I waited. Master Santaraksita would decide his own fate. He would decide the fate of the library that he loved.
“So. Our Dorabee is a man of more talents than we suspected. What else do you do that we don’t know about, Dorabee? Can you write, as well?” I did not answer, of course. “Where did you learn? It has long been the contention of many of the bhadrhalok that those not of the priestly caste do not have the mental facility to learn the High Mode.”
Still I did not speak. Eventually he would commit to movement in some direction. I would respond accordingly. I hoped I could avoid destroying him and his brethren and stripping the library of whatever might be useful. That was the course One-Eye wanted to follow years ago. Never mind being subtle. Never mind not alerting Soulcatcher to what was happening right under her nose.
“You have nothing to say? No defense?”
“A pursuit of knowledge needs no defense. Sri Sondhel Ghosh the Janaka declared that in the Garden of Wisdom there is no caste.” Albeit in an age when caste had much less meaning.
“Sondhel Ghosh spoke of the university at Vikramas, where all the students had to pass an exhaustive examination before they were allowed to enter the grounds.”
“Do we suppose many students of any caste were admitted who were unable to read the
Panas
and
Pashids
? Sondhel Ghosh was not called the Janaka for nothing.

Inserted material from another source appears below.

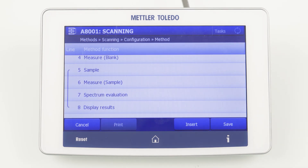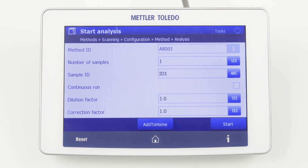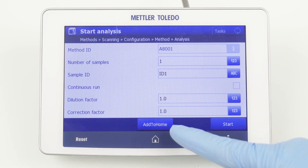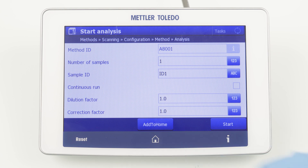Now we can save the method and we are ready to start it by clicking Start. We can define the sample ID or click on Add to Home, which will create a shortcut on the home screen. This is highly recommended for frequently used methods, as they can be started with one click.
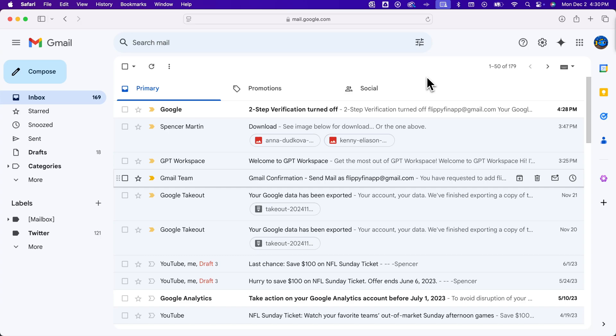How do you use autofill in Gmail? So autofill, to turn it on,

Vikramas was the seat of Janai religious study.”
“A janitor who knows about a religion long dead. We are indeed entering the Age of Khadi, where all is turned upon its head.” Khadi is the favored Taglian name for Kina, in one of her less vicious aspects. The name Kina is seldom spoken, lest the Dark Mother hear and respond. Only the Deceivers want her to come around. “Where did you acquire this skill? Who taught you?”
“A friend started me out a long time ago. After we buried him, I continued to teach myself.” My gaze never left his face. For a goofy old boffin, whose stuffiness was grist for the mockery of the younger copyists, he seemed remarkably flexible mentally. But then, he might be brighter than he seemed. He might realize that he could buy himself a float downriver to the swamps if the wrong words passed his lips.